Will bike commuters use the Greenways?
- Bike commuters – both adults and kids – use their Greenways in Portland. And that’s my hope for Seattle. The more of us who ride our bikes to school, work, or our local amenities on safe streets separated from traffic, the safer we will all be. One note for those bicyclists who are “Fast and Fearless”: you are certainly not REQUIRED to use the Greenways. But you will be welcome to do so. Those of us who consider ourselves “Willing but Wary” will be more likely to ride our bikes when we have company along the way and confidence in our connections.

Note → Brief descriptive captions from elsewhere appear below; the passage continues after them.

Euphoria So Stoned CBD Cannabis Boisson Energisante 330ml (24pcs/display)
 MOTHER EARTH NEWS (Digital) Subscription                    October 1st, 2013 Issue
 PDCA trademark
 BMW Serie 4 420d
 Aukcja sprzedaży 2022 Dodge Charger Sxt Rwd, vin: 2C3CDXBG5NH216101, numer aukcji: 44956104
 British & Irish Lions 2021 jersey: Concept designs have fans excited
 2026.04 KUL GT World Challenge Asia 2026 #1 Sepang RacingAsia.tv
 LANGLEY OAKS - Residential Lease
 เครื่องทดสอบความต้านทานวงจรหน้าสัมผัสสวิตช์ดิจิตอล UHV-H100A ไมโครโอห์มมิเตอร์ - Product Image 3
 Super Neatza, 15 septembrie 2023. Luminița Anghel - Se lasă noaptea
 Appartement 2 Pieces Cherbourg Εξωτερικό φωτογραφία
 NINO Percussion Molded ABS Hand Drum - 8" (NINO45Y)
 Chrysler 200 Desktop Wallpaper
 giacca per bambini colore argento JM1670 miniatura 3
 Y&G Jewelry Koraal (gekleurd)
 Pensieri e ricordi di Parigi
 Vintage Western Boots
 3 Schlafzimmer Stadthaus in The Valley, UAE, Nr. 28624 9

How fast can cars go on Greenways? How is traffic reduced and slowed?
- As described above, signage and road width will slow traffic. One goal might be to keep residential vehicle speed under 20 mph. Cars would be slowed by a variety of measures including but not limited to distinctive signage, speed bumps, road markings, bollards, protected pedestrian/bike crossings and neighborhood expectations.
How might Greenways affect my property values?
- Experience with property owners along amenities like the Burke Gilman or Sammamish River trail shows that proximity to the trails is a real estate plus. Although I have no data to back up my supposition, I can only imagine if a neighborhood street became greener, traffic was slower, and fewer cars were driving on the street that property values would be enhanced.
Some people will never ride a bike on a Greenway. Why should their tax money go to create a Greenway?
- Neighborhood Greenways are for all of us, not just for bicyclists. Greenways are for those who want to live in a quieter, calmer neighborhood. They are for those of us who want to let our children play outside safely, where neighbors like to walk and ride in front of their homes in relative peace. Greenways are for people who like green and flowering trees and want to recreate how their neighborhoods look and feel.
- Regarding the tax question, we are better off when we think like a region. We pay for things like schools or Medic One, for example, even if we don’t have kids in school or if we are healthy. We do this because in the long run we improve our own quality of life as well as the quality of life for our family and neighbors. Many people may never ride a bike or jog along a new Greenway, but thousands of others will enjoy the route immensely. And drivers of cars, buses, and trucks will be happier when they are not competing with bicyclists on arterials. We want to be an inclusive community and provide space for cars, buses, trucks, pedestrians and cars. Neighborhood Greenways are one tool we can use to do it. We know that the majority of bicyclists do pay city and state taxes, much of which goes toward fixing roads, expanding transit options, maintaining our parks and paying for police and fire services. Bicyclists pay sales taxes, property taxes, and many own a car and pay gas taxes. By thinking about what’s good for the region, we create places that all of us can enjoy.
Will Greenways make communities happier?
- Absolutely! In every neighborhood where I have spoken about Neighborhood Greenways and listened to neighbors talk about their desires for their neighborhood, residents are eager to have traffic slowed so they and their children and their elderly neighbors will be safe on the streets and sidewalks. And as a financial bonus, if we can work with our Parks Department and Seattle Public Utilities to leverage our dollars and make linear connections between our parks, clean up our water, and provide us with cool connections between our neighborhoods, parks, schools, and neighborhood business districts won’t we ALL be happier?